Readers of this site — yes, all two of you — might recall that I mentioned talk of a Symantec acquisition of Vontu last year. The companies have been getting closer, technologically and otherwise, for some time. Symantec might have made this deal earlier, but it balked at the asking price Vontu and its agents had demanded.
Apparently things have changed. Recent reports have suggested that Symantec will pay up to $350 million for the privately held Vontu, which is said to have revenues of about $30 million.
Perhaps the ongoing consolidation in the space gave Symantec some buyer’s leverage.
As news broke yesterday that Dell products — a limited selection of notebook and desktop PCs as well as monitors, printers, and ink cartridges — would be sold as of November 11 in 1,400 Staples Inc. stores across America, I wondered again how long Dell could manage to both sell its products directly online and through channel partners.
Yes, not all Dell products are available in the stores of its retail partners. Some Dell notebooks and desktops can only be ordered directly from the company.
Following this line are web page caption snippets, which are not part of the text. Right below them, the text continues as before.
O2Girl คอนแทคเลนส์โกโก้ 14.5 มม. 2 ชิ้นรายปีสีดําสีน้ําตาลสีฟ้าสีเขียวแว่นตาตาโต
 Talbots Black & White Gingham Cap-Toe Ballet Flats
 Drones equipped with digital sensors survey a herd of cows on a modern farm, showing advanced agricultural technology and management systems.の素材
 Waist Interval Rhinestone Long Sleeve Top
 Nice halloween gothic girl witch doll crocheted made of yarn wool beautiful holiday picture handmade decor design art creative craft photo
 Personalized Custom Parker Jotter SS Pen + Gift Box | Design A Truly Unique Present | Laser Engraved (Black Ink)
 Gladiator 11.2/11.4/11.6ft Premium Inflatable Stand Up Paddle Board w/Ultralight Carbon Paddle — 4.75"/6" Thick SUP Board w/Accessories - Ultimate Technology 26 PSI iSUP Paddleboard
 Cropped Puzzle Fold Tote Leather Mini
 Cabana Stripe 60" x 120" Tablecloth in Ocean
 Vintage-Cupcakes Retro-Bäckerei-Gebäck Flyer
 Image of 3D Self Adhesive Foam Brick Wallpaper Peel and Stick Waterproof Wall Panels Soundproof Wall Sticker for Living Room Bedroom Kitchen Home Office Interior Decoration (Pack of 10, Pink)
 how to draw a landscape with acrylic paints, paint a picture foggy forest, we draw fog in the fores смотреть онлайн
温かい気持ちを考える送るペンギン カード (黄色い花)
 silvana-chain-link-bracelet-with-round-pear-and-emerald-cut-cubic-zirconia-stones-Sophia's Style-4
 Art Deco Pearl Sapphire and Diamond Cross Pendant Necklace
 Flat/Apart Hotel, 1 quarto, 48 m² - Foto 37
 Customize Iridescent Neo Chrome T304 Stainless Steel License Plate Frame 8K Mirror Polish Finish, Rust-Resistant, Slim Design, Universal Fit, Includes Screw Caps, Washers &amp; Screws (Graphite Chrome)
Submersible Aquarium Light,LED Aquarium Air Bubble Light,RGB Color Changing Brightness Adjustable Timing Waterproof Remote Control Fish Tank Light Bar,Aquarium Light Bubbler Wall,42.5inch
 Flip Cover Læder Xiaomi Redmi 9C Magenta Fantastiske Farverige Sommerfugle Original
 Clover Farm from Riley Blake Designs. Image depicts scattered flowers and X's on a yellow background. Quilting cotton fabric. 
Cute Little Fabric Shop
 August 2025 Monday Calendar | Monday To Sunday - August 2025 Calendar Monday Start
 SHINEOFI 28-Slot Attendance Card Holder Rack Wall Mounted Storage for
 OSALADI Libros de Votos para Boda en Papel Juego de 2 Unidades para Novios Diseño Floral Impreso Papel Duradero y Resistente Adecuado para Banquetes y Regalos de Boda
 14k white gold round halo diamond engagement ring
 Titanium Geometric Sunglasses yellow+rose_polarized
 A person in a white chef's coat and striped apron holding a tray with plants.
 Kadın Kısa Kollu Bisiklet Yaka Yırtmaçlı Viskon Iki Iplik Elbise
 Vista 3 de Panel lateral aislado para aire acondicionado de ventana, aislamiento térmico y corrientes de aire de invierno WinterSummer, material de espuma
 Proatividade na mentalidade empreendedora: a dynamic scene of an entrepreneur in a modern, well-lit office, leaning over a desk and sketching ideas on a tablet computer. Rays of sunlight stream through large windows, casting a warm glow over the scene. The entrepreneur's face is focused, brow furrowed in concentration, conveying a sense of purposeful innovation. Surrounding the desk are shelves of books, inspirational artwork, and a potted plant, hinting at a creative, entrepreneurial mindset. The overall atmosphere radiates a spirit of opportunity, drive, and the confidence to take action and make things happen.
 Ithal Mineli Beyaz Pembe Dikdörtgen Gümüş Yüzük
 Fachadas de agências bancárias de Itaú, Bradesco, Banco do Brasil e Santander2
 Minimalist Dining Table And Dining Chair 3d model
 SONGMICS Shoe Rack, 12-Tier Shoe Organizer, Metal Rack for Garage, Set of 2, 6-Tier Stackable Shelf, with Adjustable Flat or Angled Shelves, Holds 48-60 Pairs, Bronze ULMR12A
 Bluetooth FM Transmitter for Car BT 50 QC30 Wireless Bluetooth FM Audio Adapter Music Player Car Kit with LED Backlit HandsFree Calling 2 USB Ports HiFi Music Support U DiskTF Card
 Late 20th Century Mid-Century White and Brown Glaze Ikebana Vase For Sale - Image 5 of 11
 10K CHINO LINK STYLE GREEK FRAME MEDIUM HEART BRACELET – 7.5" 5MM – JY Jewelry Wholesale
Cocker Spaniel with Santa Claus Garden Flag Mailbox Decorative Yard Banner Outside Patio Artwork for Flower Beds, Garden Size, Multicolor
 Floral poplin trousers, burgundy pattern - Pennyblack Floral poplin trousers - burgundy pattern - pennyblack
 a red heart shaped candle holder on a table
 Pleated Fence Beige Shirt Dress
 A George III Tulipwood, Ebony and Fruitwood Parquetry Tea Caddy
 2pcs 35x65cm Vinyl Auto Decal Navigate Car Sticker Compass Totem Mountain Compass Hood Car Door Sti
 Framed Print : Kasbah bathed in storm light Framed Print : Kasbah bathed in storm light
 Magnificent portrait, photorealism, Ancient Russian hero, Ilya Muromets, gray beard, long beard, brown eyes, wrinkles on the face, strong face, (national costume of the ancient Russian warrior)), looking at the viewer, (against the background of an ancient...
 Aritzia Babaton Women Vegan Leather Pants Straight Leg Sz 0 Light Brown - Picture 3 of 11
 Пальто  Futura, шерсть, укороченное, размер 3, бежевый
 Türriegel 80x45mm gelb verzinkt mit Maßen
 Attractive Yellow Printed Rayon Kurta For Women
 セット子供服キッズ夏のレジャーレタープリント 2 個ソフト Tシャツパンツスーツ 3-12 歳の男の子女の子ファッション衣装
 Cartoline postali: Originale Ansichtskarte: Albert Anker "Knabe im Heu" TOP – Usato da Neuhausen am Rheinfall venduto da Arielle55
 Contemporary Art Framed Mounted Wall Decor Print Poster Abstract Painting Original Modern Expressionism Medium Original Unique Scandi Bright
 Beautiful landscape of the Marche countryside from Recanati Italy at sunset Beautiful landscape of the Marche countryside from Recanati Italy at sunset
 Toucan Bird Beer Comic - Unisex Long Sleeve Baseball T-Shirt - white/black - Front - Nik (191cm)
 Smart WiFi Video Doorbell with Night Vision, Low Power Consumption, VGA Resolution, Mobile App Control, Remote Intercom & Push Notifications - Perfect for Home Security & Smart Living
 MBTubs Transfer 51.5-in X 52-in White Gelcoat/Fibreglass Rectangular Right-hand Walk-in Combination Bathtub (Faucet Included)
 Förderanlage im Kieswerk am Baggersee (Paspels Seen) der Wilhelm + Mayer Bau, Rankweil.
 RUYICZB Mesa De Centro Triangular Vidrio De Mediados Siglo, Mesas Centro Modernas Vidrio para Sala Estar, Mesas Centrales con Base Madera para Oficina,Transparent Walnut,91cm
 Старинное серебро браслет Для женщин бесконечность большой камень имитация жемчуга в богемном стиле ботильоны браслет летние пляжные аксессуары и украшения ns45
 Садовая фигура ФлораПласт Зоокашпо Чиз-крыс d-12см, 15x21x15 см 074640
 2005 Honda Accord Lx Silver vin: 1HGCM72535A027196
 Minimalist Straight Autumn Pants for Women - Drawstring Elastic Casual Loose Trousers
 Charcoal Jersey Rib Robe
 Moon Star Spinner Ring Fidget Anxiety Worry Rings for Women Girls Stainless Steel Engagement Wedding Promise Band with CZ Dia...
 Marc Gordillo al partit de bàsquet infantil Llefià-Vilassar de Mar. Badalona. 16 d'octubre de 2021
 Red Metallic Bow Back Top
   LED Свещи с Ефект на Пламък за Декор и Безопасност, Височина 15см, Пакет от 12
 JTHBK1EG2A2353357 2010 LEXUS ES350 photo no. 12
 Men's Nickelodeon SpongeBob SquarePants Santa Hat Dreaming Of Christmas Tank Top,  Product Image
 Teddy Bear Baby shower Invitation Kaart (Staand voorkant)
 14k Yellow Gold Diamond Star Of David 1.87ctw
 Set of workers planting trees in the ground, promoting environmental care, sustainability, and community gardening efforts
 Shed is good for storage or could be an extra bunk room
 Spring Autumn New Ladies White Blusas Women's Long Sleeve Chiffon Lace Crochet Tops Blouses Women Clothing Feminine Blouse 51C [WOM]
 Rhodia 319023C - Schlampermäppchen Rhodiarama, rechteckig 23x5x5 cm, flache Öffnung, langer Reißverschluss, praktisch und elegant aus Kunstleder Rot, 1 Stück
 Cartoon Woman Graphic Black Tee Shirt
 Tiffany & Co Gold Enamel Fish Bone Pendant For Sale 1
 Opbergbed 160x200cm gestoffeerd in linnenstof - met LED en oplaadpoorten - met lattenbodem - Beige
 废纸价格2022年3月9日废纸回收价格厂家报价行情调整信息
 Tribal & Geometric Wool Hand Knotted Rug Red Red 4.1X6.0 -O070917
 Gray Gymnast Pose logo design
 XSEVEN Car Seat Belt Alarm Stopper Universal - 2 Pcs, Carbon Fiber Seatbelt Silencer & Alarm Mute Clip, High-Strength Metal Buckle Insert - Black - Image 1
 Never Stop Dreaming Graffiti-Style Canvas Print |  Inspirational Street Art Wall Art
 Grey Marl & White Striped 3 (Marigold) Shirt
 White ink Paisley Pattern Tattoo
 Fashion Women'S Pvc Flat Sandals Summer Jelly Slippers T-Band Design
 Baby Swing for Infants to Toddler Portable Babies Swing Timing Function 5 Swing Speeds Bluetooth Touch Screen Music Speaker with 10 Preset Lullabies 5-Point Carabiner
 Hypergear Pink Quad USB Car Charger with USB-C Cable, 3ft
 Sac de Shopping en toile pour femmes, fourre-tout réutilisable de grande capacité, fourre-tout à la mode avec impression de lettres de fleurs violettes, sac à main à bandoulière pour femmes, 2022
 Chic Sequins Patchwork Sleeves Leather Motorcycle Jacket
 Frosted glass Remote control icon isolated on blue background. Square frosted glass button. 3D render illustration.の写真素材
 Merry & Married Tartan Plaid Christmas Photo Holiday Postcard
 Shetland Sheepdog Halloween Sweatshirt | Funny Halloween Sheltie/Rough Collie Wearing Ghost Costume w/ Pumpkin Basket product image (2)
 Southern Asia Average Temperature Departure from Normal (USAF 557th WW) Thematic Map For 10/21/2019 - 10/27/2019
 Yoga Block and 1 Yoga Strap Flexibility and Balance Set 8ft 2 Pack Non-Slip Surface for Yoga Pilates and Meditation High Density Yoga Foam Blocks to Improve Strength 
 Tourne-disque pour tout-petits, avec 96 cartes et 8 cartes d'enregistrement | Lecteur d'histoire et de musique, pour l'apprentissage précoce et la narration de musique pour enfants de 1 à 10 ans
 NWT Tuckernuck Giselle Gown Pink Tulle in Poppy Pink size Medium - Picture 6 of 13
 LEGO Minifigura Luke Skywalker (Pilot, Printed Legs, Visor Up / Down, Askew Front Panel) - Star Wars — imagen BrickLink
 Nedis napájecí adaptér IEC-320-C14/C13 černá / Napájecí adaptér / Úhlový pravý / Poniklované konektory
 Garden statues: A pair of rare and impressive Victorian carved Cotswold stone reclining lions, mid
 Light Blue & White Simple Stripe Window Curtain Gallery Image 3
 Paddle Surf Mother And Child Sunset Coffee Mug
Moreover, Dell is trying hard to position this move as part of a strategy to provide its products wherever and whenever customers wish to buy them.
But the seismic shifts in the PC market, which has seen fast growth in emerging national markets such as China and India and a sharp preference for notebooks over desktops nearly everywhere, makes it difficult for Dell to walk this channel-conflict tightrope.
Staples definitely sees a competitive dynamic in its relationship with Dell, as the following excerpt from a Wall Street Journal story makes evident:
For Staples, the agreement is part of a long-running "Easy Button" marketing effort that aims to simplify shopping for its customers, Staples merchandizing head Jevin Eagle said. "Our customers will be able to touch and feel the products (as opposed to viewing them on a computer screen) before buying a Dell product and they’ll be able to get it on the same day."
There’s the rub for Dell. It’s new channel partners will not only be selling its products as competitive offerings to other PCs and peripherals already available at retail, but they’ll also be selling Dell products in competition against Dell itself.
Increasingly, no matter what Dell says, it will be in channel conflict with its retail partners. There are ways to resolve such conflict, of course, and it will be interesting to see how authoritatively and quickly Dell takes action.